* TASK TO CARRY OUT: Your output should be the line that contains "Op de afbeelding: Drie" and all lines after it in the records, retyped exactly through the last one.

(Dataset entries)
⟨
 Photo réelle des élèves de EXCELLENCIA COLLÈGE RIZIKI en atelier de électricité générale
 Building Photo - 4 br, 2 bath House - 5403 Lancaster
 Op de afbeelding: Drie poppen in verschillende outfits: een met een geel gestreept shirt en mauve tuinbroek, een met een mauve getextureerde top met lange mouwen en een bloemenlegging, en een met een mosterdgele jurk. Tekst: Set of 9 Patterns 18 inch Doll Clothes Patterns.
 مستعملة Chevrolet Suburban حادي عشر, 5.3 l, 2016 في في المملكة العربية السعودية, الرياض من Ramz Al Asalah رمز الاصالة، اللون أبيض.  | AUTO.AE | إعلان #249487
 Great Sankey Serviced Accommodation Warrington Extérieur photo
⟩
* EXERCISE RESULT:
 Op de afbeelding: Drie poppen in verschillende outfits: een met een geel gestreept shirt en mauve tuinbroek, een met een mauve getextureerde top met lange mouwen en een bloemenlegging, en een met een mosterdgele jurk. Tekst: Set of 9 Patterns 18 inch Doll Clothes Patterns.
 مستعملة Chevrolet Suburban حادي عشر, 5.3 l, 2016 في في المملكة العربية السعودية, الرياض من Ramz Al Asalah رمز الاصالة، اللون أبيض.  | AUTO.AE | إعلان #249487
 Great Sankey Serviced Accommodation Warrington Extérieur photo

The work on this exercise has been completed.